The New Agers can argue that the universe brought me that extra income because I was wishing for it and that the Law of Attraction made it manifest. And I would rebuttal with two points; firstly, I’m pretty sure it was my hard work and willingness to do what others wouldn’t that got me more work and secondly, if that was the case then why didn’t it address the feelings I was having?
It is all too easy to wish for and go after the ‘stuff’. I see now for myself that the stuff doesn’t make you happy and bring you as much fulfilment as you thought it might. It is a wonderful thing to discover actually. Again, relief. I was going after the stuff because I wanted external validation. My insecurities had such a grip on me that I would do whatever it took to be successful in order to gain respect and recognition. All the while losing self respect in the process by way of being too relaxed with my own integrity. Irony is in full force in this post!
This need for recognition and validation created the FOMO mentality that took such a strong hold on me. I wanted to master as many things as possible because I didn’t want to have any weaknesses show. Again, as irony would have it, I started breaking down. I kept looking more and more into spirituality for answers because it promised ‘unconditional love’. It was all just a downward spiral. How could I be so trapped by something that promises liberation.
Believe it or not, I’m not knocking faith. I think it is important. Only that is faith in oneself, of course. I don’t need ‘God’ or the ‘universe’ to serve me with all my wishes and desires. I want to take on challenges and grow as a person. I want the world to be a dangerous place, I want life to be hard. Because that way I get to grow and develop greater strength. I don’t want ease with out difficulty and pleasure without pain. I want to earn what I get. I can no longer do work purely for the money. I want to build a reputation and operate with integrity. I want to do work that will help me develop as a person and enable me to compete with my former self as opposed to with anyone else.

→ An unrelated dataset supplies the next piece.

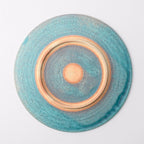 Bloom Round Dinner Plate 9.6 in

In my opinion, at the opposite end of the spectrum to (external) faith is responsibility. All I was doing was shirking responsibility. I wasn’t taking responsibility for my feelings and sensitivity. All I needed to do was just ‘Man-up’ and start accepting things for how they are rather than how I thought they ‘should’ be. Letting go of ‘shoulds’, ‘musts’ and ‘ought tos’ has been an incredibly liberating step in itself.
Having gotten more involved with science, objective reasoning, critical thinking and logic I am content with only going by evidence. Therefore I am happy that if there is no evidence for something then as far as I am concerned it doesn’t exist and therefore no need to worry about it. And that is liberation at its finest ladies and gentlemen!